** MATERIAL PROVIDED **
○ ○ ○ ○ ○
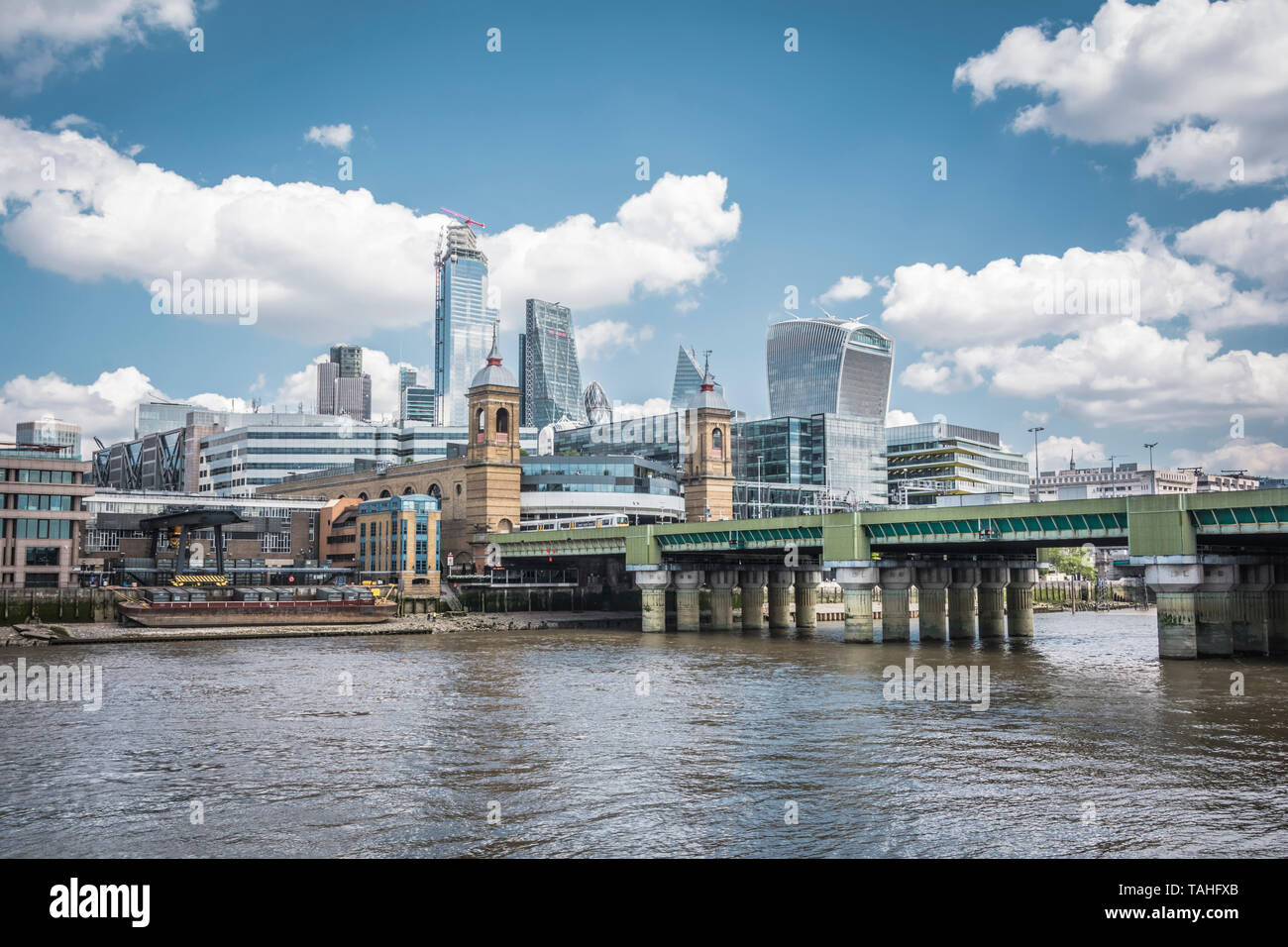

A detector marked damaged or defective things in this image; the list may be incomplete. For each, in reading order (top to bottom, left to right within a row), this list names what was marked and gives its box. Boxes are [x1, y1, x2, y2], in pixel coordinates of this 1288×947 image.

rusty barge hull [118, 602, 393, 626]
○ ○ ○ ○ ○
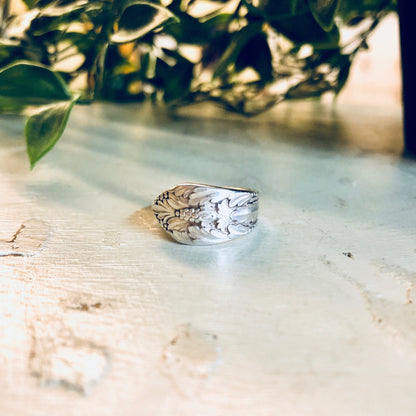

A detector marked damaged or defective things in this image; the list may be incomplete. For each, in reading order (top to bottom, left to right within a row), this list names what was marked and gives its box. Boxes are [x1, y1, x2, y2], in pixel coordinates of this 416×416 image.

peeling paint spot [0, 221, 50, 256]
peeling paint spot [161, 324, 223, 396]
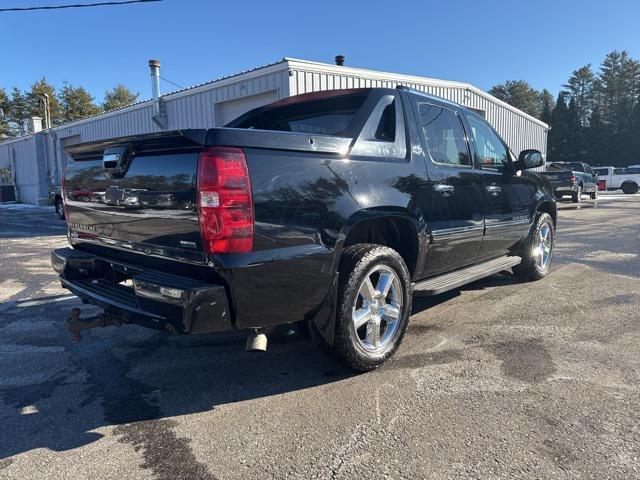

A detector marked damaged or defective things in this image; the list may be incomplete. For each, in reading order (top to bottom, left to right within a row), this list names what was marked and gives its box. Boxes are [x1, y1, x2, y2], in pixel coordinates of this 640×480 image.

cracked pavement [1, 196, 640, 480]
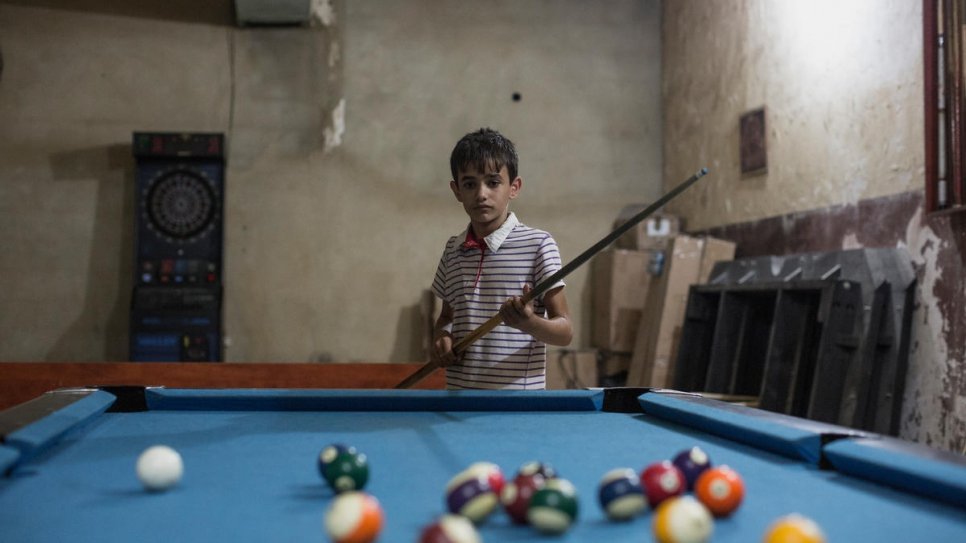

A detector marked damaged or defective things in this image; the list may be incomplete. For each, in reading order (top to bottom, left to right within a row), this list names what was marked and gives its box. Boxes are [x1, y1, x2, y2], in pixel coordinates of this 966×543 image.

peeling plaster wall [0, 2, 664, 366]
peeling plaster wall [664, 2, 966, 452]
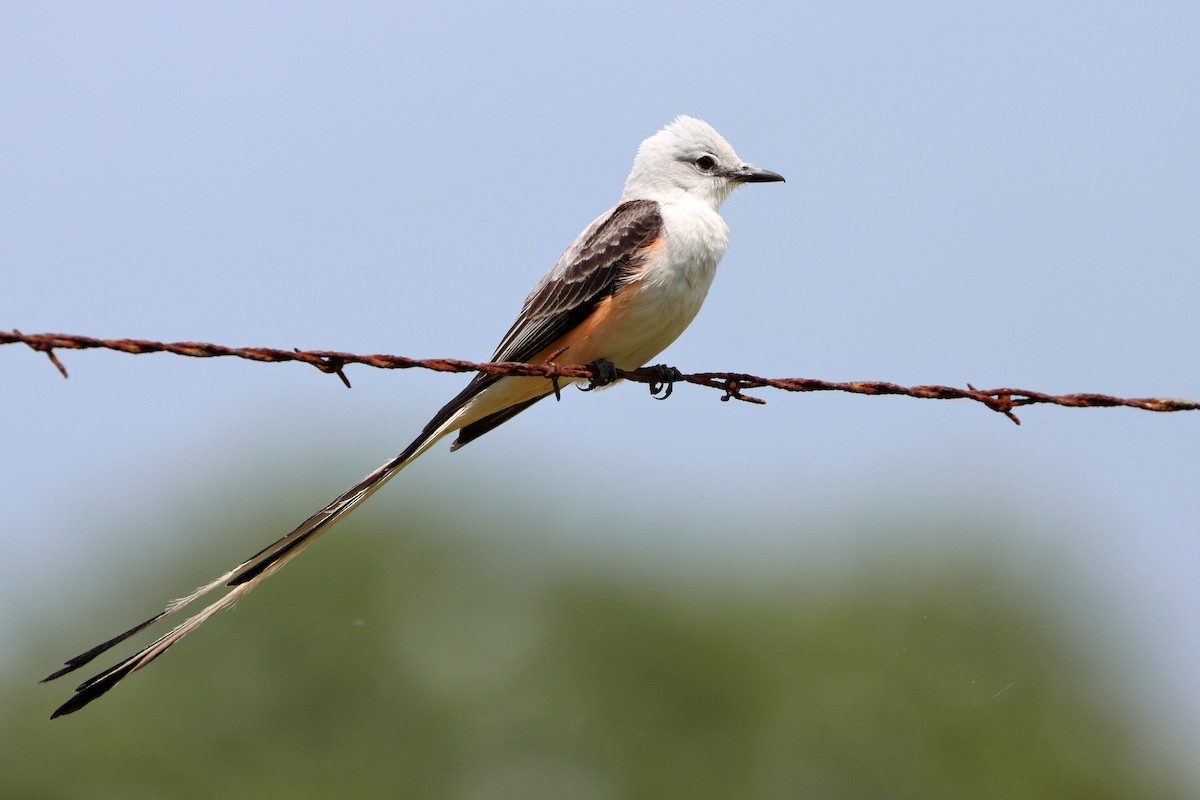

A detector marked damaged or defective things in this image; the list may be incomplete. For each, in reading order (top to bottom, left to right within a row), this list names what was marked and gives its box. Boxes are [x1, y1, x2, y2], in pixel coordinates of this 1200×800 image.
○ ○ ○ ○ ○
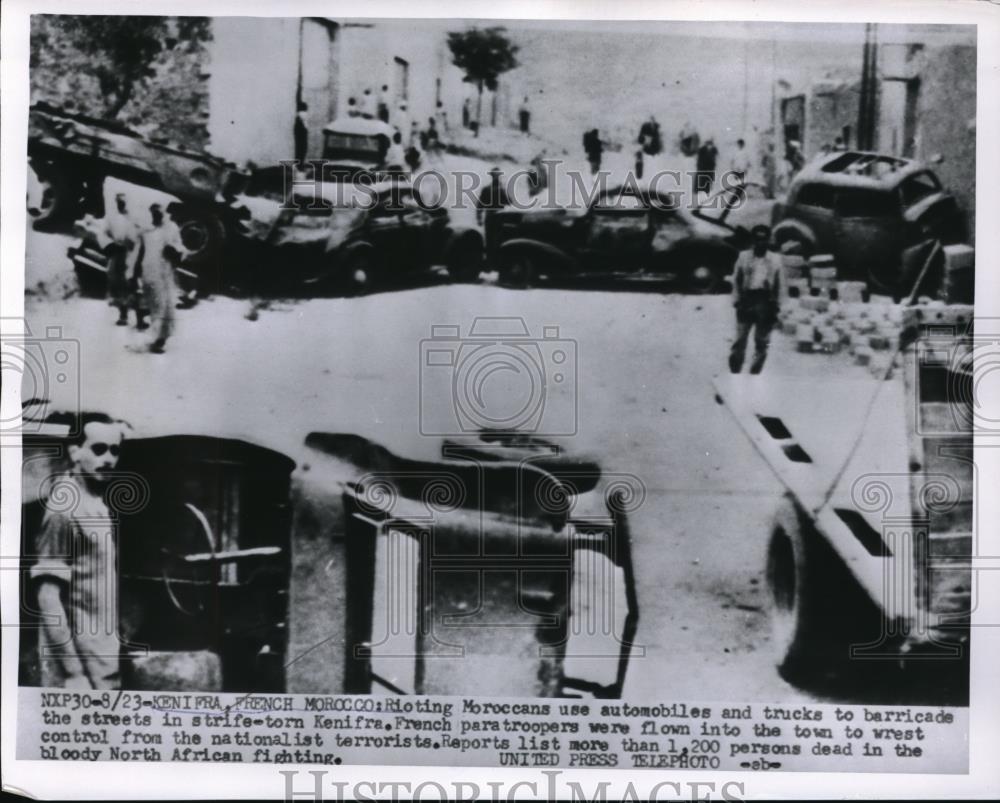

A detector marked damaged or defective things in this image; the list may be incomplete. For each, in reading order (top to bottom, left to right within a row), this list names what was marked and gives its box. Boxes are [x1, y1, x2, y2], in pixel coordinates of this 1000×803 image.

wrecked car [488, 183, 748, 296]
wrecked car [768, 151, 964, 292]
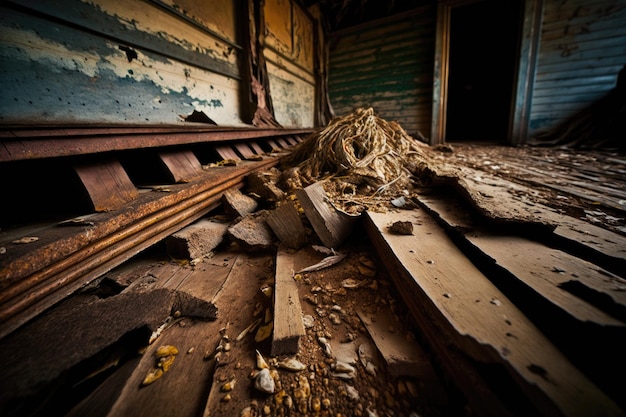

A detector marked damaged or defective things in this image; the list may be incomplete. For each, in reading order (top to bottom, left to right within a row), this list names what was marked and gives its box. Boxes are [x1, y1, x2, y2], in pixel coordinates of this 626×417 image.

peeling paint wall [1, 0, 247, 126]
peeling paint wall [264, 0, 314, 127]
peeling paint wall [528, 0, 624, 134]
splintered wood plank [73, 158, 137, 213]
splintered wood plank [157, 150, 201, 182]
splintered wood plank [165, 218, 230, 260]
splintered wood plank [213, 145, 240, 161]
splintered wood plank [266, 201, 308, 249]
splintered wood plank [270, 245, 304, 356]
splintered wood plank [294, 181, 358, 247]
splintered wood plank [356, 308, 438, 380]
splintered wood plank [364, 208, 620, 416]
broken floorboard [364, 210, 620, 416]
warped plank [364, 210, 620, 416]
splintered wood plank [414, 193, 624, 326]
○ ○ ○ ○ ○
Repeat the lines above exactly, beginning with the one containing "this 966×543 image." and finishing with the one containing "this 1200×800 image.". No pictures belong in the copy.

A detector marked damaged or defective things in this image; the list may be incomplete. For each, in reading order (top to bottom, left to right within a row), this list names what was marked and gives its box. Boxes are [x1, y1, x2, y2], in pixel coordinates of this 966×543 image.

peeling plaster wall [0, 2, 664, 366]
peeling plaster wall [664, 2, 966, 452]

A detector marked damaged or defective things in this image; the list may be incomplete. For each, in reading order (top to bottom, left to right within a row), this list names what was marked and gives its box. Boxes are [x1, y1, x2, y2], in pixel coordinates of this 1200×800 image.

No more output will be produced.